Scoring…the Initial Pitfall is a B*tch
POSTED BY RYAN TROSTIntelligence scoring is sexy as hell, especially when done correctly, but teams are almost guaranteed to have a rocky start. The initial pitfall is finding the universal agreement sweet spot across team members – between senior members (who tend to always be vocal) and several different roles on a team where people’s threshold of risk are going to vary drastically – it’s inevitable.
I have witnessed this first hand running several teams – at my last gig we would sit down every Thursday/Friday to review the intelligence gathered and attempt to “rate” intelligence as to how much of a risk it posed to the organization. The dynamics of my team were always pretty interesting as we were 20 strong on the first shift across security analysts, intelligence analysts, signatures engineers, and malware engineers. The primary goal of the meeting was scoring intelligence but the byproduct was making sure everybody was on the same page across incoming and cultivated intelligence and incidents and signatures being developed.

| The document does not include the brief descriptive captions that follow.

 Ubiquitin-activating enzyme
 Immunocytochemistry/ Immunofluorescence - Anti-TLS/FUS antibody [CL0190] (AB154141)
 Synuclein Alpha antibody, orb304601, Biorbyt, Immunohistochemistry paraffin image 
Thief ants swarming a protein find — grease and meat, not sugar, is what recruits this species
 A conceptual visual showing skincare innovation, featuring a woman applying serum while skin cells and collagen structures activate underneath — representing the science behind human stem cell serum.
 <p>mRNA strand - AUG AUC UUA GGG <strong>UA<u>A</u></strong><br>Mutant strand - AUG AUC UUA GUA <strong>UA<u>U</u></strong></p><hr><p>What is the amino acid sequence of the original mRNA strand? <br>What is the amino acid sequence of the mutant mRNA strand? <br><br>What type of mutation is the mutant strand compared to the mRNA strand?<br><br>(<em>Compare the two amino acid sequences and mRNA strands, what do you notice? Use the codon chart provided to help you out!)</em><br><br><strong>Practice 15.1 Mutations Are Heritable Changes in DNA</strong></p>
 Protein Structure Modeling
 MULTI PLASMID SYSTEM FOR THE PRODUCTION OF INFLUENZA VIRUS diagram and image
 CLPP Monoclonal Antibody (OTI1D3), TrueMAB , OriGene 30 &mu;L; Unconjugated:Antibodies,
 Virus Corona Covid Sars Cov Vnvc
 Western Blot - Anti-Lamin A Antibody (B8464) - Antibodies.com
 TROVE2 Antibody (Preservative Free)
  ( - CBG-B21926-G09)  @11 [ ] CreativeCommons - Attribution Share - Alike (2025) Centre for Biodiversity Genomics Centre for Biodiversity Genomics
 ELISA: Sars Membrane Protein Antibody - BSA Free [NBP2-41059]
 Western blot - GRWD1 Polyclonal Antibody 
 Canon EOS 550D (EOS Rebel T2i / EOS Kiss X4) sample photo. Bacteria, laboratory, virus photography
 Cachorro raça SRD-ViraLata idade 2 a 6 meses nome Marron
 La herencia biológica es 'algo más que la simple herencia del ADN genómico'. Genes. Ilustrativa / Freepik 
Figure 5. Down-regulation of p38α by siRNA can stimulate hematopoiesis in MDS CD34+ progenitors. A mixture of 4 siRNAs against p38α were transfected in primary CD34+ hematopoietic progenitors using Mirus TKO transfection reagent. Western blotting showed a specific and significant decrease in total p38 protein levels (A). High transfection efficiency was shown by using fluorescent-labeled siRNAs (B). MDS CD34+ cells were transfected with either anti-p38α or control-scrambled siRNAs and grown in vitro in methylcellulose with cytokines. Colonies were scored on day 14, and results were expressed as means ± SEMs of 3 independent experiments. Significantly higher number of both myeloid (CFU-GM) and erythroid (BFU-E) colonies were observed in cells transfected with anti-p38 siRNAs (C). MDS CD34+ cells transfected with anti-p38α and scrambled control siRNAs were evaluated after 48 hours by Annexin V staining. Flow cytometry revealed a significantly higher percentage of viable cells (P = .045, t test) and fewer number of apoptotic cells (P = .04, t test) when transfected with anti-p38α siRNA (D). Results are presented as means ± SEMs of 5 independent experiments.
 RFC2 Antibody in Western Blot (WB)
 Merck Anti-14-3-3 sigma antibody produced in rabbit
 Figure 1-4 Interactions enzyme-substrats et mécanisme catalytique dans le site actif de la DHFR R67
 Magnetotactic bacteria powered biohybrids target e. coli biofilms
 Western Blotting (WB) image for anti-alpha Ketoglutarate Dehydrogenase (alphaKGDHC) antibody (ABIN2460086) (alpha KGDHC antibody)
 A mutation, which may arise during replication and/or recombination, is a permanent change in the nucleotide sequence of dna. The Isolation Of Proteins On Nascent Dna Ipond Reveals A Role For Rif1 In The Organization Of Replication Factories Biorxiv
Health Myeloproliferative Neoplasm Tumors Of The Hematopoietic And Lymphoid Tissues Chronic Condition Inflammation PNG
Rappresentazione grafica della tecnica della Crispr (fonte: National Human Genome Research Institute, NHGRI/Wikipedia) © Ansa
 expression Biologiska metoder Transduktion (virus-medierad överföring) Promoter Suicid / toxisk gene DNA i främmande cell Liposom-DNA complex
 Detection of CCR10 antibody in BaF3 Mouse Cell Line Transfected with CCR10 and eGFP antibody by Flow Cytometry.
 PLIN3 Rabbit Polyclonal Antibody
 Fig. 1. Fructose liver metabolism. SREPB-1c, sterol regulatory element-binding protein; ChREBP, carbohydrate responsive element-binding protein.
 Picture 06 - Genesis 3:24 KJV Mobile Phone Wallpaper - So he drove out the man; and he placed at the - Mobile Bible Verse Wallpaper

To an outsider it was immediately obvious which team each person was on by how they evaluated intelligence. For instance, the intelligence analysts would track adversary missions across the industry and would find “potential” linkages to other intelligence through open source and closed source means. However, the security analysts knew the more “loose possibilities” in our detection system it inevitably was proportional to the number of false positives they would have to chase. This provided a looking glass into the roles themselves – security analysts almost exclusively focus on events within the four walls of the organization, whereas, intelligence analysts largely identify anticipated threats to the organization in a predictive manner (…predictive said in a somewhat tongue-and-cheek manner).
It was almost guaranteed the two roles would represent the extremes when assessing the new intelligence coming into the team. The intelligence analyst would rate the “risk” high, whereas, the security analyst would evaluate the risk “low”. And this is where the pitfall comes into play!! What happens when 2 Team Leads (w/ support from the rest of their immediate team) in a SOC “agree to disagree”?! …they both compromise settling on middle ground. In the world of scoring intelligence this leads to a slow and painful death because it contaminates the rating system because everything blends together! And at that point, there’s no reason to even have a scoring paradigm. When scoring intelligence it is important to start with the extremes and fine-tune going forward instead of everything being middle ground and fine-tuning. This is where the team’s ‘nice guy’ compromise approach needs to change from “threat score 50 out of 100” to “you win/I win”.
Is this approach instantaneous? Of course not…but over 3-4 months of weekly review and re-assessment a pattern should emerge as to how accurate the intelligence analysts are with hunting open source efforts and how often your adversaries re-use infrastructure.